Two weeks ago I attended the Lie-Nielsen Hand Tool Event in Manchester, CT. I mentioned this on my blog and invited you to stop by and say hi. A number of you asked for a report so here it goes, complete with pictures.
The two day event was a huge success for me. I went there with high hopes but almost no expectations. My idea was to setup a few tables of tools for sale and set out some tools from my own shop to demonstrate. Having never setup at an event like this my goals were simply to meet a few of my customers I had previously only communicated with by email, and perform a few demonstrations without making a fool of myself. Along the way I hoped to sell some tools as well.
I arrived on Friday morning and met up with Matt Cianci. We met to Bob VanDyke, the owner of the Connecticut Valley School of Woodworking, who showed us the area of the shop we would use. Matt quickly setup his very simple but incredibly effective saw sharpening station. A couple of hours later and I had my tables and bench setup, just in time for the first people to arrive.

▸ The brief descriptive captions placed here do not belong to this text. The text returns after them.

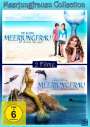 Dustin Rikert: Meerjungfrauen Collection, DVD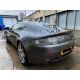 **(ONLY 33K MILEAGE)** 2006 ASTON MARTIN VANTAGE V8 4.3L PETROL >>--NO VAT ON HAMMER--<< - Image 4 of 17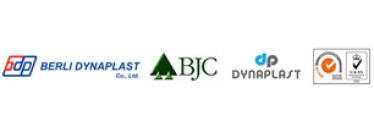 บริษัท เบอร์ลี่ ไดน่าพลาส จำกัด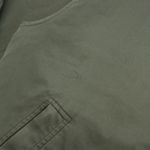 Jaqueta Dupla Face Lacoste Vintage 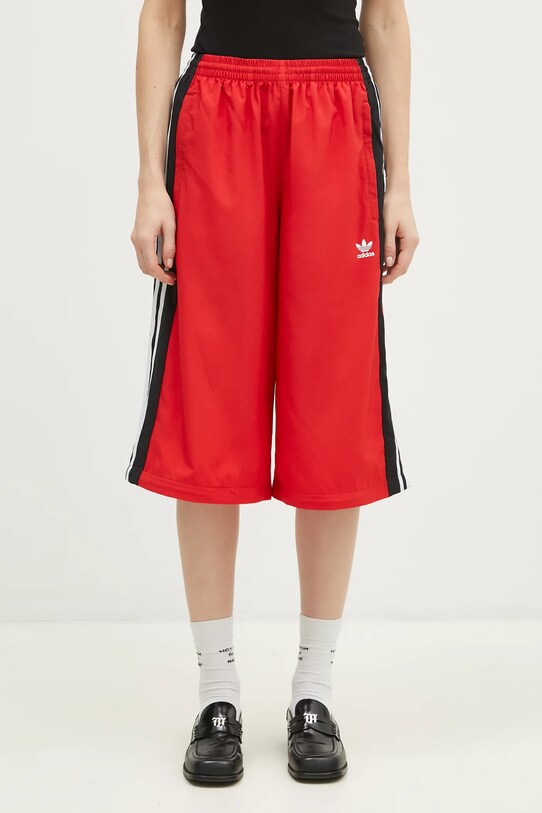 Îmbrăcăminte adidas Originals pantaloni de trening Rasant Track Pant JY4616 rosu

I brought along some interesting tools to demonstrate- things that woodworkers who weren’t very experienced with vintage tools might know of but may never have used before. On the workbench I had some molding planes, my plow plane, some boring tools- various braces, types of bits, etc. and other stuff for folks to pick up and try. I think the most popular tool was my plow, a rather ornate tool made by Varvill and Sons, one of my absolute favorite tools and something I’d never consider selling (it’s one of those few tools that has my owner’s mark on it). You can see it on the bench to the left in the photo above and again in the photo below. A lot of people seemed surprised that something that looks so fancy is a very easy and practical tool to use.
I also brought along my newly made pair of saw benches. The design is the same that Chris Schwarz published in Popular Woodworking. I brought along a couple of my favorite saws for folks to try out. It seemed like everyone wanted a shot at ripping on my new sawbenches. I brought my big 28in Disston D-8 thumbhole rip saw for folks to try. Even at 5PPI it can take an inch or more per stroke.
Matt Cianci was setup with my both days and was busy the entire time sharpening saws for customers, and constantly stopping to talk to folks and answer questions. Even with the interruptions Matt was still able to sharpen close to a dozen saws during the event.
There were several other vendors setup as well. The headliner, of course, was Lie-Nielsen who had just about every one of their tools setup and on display, many ready for use.
Other vendors included Tico Vogt showing his top-notch shooting boards, and Matt Bickford with is amazing molding planes and hand-cut moldings.
The crowd was steady and time flew by. Before I knew it the first day ended and was time to head out. The next day started well but attendance waned and finally stopped when the snow started on Saturday. It was soon obvious that the weather was fast declining and we needed to get going soon if we were going to get home at all. A few hours later I was packed and on the road. The trip was slow, but steady. I watched trees, laden with heavy wet snow stuck to their still leaved branches, topple left and right along the highway as I made my way home. My way home was blocked by several trees that had fallen across the road but I finally made it home safe.
All in all it was a successful weekend. I had a fantastic time. It was an absolute blast. Spending the weekend talking and using tools was really nice. I got to meet some long-time customers for the first time and many new folks as well. Sales were brisk both days and I went home with several empty bins.
One note- In all of my excitement I forgot to snap any photos. All of the photos above were taken by Jeff Burks and used with his permission. Thanks Jeff!
That’s it for now. I hope you enjoy the photos. I’m off to work on my next for sale list. I intend to spend tomorrow on it as well, intending to release it late this week. Keep an eye out!